▶
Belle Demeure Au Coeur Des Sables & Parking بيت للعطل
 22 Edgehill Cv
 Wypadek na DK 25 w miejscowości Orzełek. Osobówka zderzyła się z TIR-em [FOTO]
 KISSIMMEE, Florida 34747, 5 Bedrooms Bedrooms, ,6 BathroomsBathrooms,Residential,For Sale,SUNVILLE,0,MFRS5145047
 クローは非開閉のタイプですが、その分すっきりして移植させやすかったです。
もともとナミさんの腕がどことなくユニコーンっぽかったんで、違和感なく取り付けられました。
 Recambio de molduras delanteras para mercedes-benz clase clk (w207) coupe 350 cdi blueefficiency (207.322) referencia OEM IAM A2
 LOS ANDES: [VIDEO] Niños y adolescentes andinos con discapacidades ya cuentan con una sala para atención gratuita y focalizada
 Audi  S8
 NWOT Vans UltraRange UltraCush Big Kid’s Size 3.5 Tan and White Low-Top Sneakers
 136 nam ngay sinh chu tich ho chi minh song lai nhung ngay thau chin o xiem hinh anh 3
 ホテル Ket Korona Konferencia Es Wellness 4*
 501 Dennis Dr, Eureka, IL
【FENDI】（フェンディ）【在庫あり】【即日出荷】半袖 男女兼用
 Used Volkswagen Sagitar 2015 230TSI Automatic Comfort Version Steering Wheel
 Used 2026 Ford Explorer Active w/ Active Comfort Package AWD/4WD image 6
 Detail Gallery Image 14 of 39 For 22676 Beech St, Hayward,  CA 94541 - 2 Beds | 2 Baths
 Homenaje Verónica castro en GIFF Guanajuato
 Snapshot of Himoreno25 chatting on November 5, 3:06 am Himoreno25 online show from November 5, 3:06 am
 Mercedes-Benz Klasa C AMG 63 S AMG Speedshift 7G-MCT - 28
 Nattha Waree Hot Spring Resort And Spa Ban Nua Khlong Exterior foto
◀
* **Assignment**:
Every entry, from first to last, is to be reproduced exactly.

* **Response below**:
Belle Demeure Au Coeur Des Sables & Parking بيت للعطل
 22 Edgehill Cv
 Wypadek na DK 25 w miejscowości Orzełek. Osobówka zderzyła się z TIR-em [FOTO]
 KISSIMMEE, Florida 34747, 5 Bedrooms Bedrooms, ,6 BathroomsBathrooms,Residential,For Sale,SUNVILLE,0,MFRS5145047
 クローは非開閉のタイプですが、その分すっきりして移植させやすかったです。
もともとナミさんの腕がどことなくユニコーンっぽかったんで、違和感なく取り付けられました。
 Recambio de molduras delanteras para mercedes-benz clase clk (w207) coupe 350 cdi blueefficiency (207.322) referencia OEM IAM A2
 LOS ANDES: [VIDEO] Niños y adolescentes andinos con discapacidades ya cuentan con una sala para atención gratuita y focalizada
 Audi  S8
 NWOT Vans UltraRange UltraCush Big Kid’s Size 3.5 Tan and White Low-Top Sneakers
 136 nam ngay sinh chu tich ho chi minh song lai nhung ngay thau chin o xiem hinh anh 3
 ホテル Ket Korona Konferencia Es Wellness 4*
 501 Dennis Dr, Eureka, IL
【FENDI】（フェンディ）【在庫あり】【即日出荷】半袖 男女兼用
 Used Volkswagen Sagitar 2015 230TSI Automatic Comfort Version Steering Wheel
 Used 2026 Ford Explorer Active w/ Active Comfort Package AWD/4WD image 6
 Detail Gallery Image 14 of 39 For 22676 Beech St, Hayward,  CA 94541 - 2 Beds | 2 Baths
 Homenaje Verónica castro en GIFF Guanajuato
 Snapshot of Himoreno25 chatting on November 5, 3:06 am Himoreno25 online show from November 5, 3:06 am
 Mercedes-Benz Klasa C AMG 63 S AMG Speedshift 7G-MCT - 28
 Nattha Waree Hot Spring Resort And Spa Ban Nua Khlong Exterior foto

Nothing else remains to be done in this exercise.